Tuesday, September 24, 2019


There was a time when the pursuit of family history research was community-driven: I help you find your family who passed through California, knowing full well that someone else will be willing to help me by looking for the document which shows my great-grandfather's passing in New York. We traded. We paid it forward. We crowdsourced our research solutions.


Along came the advent of online resources, when digitized records could be accessed remotely by anyone who had a computer and a connection to the Internet. When that collection of documents reached a critical mass—both in the number of digitized records that could be found online and in the number of people clamoring to use this new style of genealogical research—the imperative to find some kind soul to do a volunteer lookup faded away. Collective efforts such as those put forth by genealogical societies, where countless volunteer hours were devoted to indexing and otherwise preparing books to help the lookup process, became redundant. Who needs to purchase a local society's book on the transcriptions of headstones, or the compiled index of bride's names from the county's marriage licenses, when the actual document can be pulled up, right on a subscriber's own computer screen?

Budding business concerns like Ancestry.com became a game changer in the family history community. Even FamilySearch.org, in taking that first step to provide an online transcription of the 1880 census, radically altered the process for securing documentation of research assertions.

The corollary to that, of course, was the diminishing need for avocational genealogists to rely on each other to accomplish their research goals—and thus the decreasing desire to join together in groups to work on their family history. In the wake of that sea change was the altering of the local genealogical society, as well.

In sharp contrast to that online dynamic has been the typical mode of operation of such societies. In that previous era of people-helping-people, everything was done either for free or for very little cost. Membership fees were small, as were the charges for the amateur publications providing vital access to records before the computer age. Pay-it-forward was the mantra of many a researcher willing to help out in exchange for future good will.

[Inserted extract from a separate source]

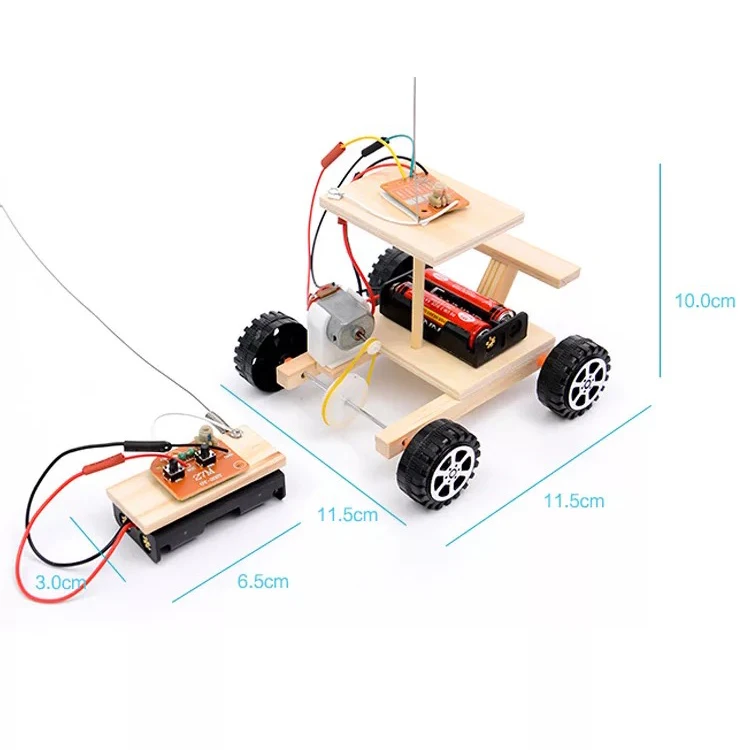 Diy Wireless Remote Control Racing Model Kit Wood Kids Physical Science Experiments Toy Set Assembled Car Educational | Игрушки и хобби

And the management of those nonprofit societies? It was likely as volunteer-driven as the friend-helping-friend services of that time. People who helped other researchers with their genealogy were now helping run associations for genealogists. Elected officers for genealogical society boards were often those who most loved the realm of genealogy—not necessarily candidates with professional credentials in accounting, or legal processes, or public relations.

Out of that bygone era came a book—The Peter Principle—which took a look at what went awry in employee promotions in business settings. While the main premise was that, in a hierarchy, employees tended to rise to their "level of incompetence," there was a second principle in operation. That principle was that employers, when considering staff promotions, often selected their star employees for those higher positions.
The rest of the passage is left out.